The web directory is represented on the server side by the class
Transcriber. For
example::
>>> t = app.follow('/langs/lang.oji/texts/text.7/page/xscript')
>>> t
>>> t.file
Its edit() method generates the transcription
page. The edit() method accepts two
arguments, *i* and *n*, where *i* represents the index
of the first clip to display (default 0), and *n* represents the
number of clips to display on the page. It is expected that *i*
is a multiple of *n/2*. *n* is a maximum, not an
exact number; it is possible that fewer clips are available.
XScript.js (client-side UI)
...........................
The web page consists of a media element
(audio or video) followed by a table of clips in a navigation frame.
The table displays a "pageful" of clips, a pageful being up to
*n* clips, depending on how many are available.
The navigation frame allows one to move among pagefuls. Motion is by
the half-page so that context is preserved.
The navigation frame and an empty clip table element are included in
the web page. The clip records are generated by javascript.
The user interaction is handled by the javascript
file XScript.js.
The following is an example of a clip record:
The controls are as follows:
* A **play button** that plays the clip.
* A **record button** that allows one to (re-)set the end point of the
clip. After clicking, the label changes to "cut," and a second
click sets the end point and shifts focus to the text box.
The end time precedes that actual click
by a fraction of a second.
* Next to the record button are **left nudge**
and **right nudge** buttons that adjust the end time by about half
a second. They replay the last half-second of the adjusted clip.
* A **new-paragraph checkbox.** If it is checked, this clip
introduces a new translation unit in the text.
* The **text box**. One enters transcription text and
saves it by pressing enter. One may cancel by pressing escape.
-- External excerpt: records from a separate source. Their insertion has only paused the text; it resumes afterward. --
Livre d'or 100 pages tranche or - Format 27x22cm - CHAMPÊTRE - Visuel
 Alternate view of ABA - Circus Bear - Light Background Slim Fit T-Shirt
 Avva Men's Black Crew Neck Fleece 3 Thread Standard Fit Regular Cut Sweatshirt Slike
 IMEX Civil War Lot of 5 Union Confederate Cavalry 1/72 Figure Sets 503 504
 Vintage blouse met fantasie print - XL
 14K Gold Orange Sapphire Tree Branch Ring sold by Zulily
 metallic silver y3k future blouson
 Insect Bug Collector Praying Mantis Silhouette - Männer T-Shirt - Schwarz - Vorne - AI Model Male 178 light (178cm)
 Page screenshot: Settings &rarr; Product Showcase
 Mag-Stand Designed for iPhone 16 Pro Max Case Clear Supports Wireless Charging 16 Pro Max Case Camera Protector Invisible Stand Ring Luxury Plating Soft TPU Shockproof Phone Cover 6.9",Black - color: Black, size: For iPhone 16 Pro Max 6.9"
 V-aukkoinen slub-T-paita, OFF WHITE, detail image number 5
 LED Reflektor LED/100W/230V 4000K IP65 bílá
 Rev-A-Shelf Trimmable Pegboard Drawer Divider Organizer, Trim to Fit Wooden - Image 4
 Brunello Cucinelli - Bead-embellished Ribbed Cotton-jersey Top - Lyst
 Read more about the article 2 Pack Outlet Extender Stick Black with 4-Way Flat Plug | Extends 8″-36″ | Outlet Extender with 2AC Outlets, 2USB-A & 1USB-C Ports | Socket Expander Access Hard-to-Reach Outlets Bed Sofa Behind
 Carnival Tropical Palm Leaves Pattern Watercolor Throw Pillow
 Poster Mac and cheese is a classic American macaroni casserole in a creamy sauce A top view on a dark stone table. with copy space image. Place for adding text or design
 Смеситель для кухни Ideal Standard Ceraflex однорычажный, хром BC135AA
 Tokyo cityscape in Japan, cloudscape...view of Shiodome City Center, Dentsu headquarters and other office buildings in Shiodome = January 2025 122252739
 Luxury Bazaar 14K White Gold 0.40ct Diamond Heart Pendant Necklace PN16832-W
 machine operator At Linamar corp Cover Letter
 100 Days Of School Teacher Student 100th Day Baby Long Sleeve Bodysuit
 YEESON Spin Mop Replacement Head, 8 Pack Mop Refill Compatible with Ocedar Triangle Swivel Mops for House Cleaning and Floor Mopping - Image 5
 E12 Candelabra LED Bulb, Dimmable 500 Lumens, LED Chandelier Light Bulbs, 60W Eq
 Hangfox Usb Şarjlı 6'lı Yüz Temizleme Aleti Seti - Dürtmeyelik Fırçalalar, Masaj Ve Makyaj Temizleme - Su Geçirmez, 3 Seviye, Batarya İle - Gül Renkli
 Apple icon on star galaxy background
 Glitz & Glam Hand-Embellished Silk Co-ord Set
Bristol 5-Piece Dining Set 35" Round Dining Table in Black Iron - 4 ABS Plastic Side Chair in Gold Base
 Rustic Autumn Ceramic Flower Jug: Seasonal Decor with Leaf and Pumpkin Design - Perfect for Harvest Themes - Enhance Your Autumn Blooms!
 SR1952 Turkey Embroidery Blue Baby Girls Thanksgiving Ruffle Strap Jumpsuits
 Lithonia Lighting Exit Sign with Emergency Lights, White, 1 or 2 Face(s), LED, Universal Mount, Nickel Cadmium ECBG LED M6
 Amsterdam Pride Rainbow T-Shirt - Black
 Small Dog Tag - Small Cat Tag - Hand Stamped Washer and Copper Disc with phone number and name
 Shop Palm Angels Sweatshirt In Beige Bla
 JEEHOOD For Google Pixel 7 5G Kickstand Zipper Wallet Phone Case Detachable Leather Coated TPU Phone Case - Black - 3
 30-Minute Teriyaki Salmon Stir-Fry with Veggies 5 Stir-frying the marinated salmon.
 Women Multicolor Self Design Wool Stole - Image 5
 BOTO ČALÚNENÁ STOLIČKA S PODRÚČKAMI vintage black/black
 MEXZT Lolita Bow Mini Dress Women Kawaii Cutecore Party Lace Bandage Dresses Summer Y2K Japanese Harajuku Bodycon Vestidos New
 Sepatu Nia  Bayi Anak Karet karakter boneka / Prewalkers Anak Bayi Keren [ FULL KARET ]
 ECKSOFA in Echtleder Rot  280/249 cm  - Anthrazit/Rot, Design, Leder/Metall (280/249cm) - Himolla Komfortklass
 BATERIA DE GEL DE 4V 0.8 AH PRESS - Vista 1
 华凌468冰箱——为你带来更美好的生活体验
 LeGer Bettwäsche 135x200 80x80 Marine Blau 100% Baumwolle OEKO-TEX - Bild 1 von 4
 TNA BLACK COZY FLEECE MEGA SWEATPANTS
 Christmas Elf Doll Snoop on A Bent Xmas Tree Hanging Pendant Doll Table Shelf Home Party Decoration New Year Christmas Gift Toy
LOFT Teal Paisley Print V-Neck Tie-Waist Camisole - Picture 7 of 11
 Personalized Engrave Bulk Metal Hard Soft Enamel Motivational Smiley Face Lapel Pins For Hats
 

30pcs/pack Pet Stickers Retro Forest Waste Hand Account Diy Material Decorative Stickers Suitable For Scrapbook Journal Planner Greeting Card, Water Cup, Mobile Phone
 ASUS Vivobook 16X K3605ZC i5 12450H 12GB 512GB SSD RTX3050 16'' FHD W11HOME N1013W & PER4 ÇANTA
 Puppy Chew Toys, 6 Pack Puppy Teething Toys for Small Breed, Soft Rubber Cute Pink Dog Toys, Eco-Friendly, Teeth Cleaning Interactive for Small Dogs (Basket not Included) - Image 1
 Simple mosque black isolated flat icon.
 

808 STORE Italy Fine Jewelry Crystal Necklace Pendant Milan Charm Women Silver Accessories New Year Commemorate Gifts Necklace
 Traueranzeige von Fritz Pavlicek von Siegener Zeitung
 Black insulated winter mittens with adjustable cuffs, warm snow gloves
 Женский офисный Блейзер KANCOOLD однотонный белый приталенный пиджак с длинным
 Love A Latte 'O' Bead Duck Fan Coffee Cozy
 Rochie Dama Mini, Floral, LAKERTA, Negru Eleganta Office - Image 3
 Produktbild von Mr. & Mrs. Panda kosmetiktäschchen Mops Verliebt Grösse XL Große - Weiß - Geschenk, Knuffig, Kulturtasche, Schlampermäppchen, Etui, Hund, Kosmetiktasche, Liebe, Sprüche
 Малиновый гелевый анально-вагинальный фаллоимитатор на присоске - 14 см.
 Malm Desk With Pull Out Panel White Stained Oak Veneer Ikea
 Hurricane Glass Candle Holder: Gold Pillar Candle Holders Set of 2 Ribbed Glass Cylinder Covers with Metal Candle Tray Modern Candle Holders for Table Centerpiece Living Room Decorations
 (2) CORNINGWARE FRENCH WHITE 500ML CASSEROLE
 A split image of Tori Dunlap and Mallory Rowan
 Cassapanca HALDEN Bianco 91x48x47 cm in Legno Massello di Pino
If the new end position is earlier than the old end position, a new
empty clip is inserted to fill the gap. If the new end position is
later than the old one, any following clips that are completely
covered are deleted, and their texts are appended to the current
clip's text. A following clip that is only partially covered
has its start position adjusted. Apart from these automatic
insertions and deletions, the interface provides no facility for
changing the number of clips.
Nudging is not problematic.
Nudging simultaneously alters the end time of the nudged clip and the start time
of the following clip (if any).
A left nudge is not allowed if it would make the clip shorter than a
fixed minimum length, and a right nudge is disallowed if it would make
the following clip too short.
Since no facility is provided to add new clips, there is always an
empty "sentinel" clip at the end of the table that covers the
untranscribed remainder of the recording. (The sentinel clip is not
included in the file on disk, only in the interface.)
If the final "true" clip ends at the end of the recording, there is no
need for the sentinel, but the standard Python library does not
provide the ability to extract
data (including duration) from movie files. Rather than linking to an
external library or attempting to parse movie files directly, we
always include the sentinel. If it is unneeded, it does no harm.
If the start index is greater than zero, the **previous button** is
activated. It links to edit.*i-n/2*.
If the end index is less than the transcript length plus one, the
**next button** is activated. It links to edit.*i+n/2*.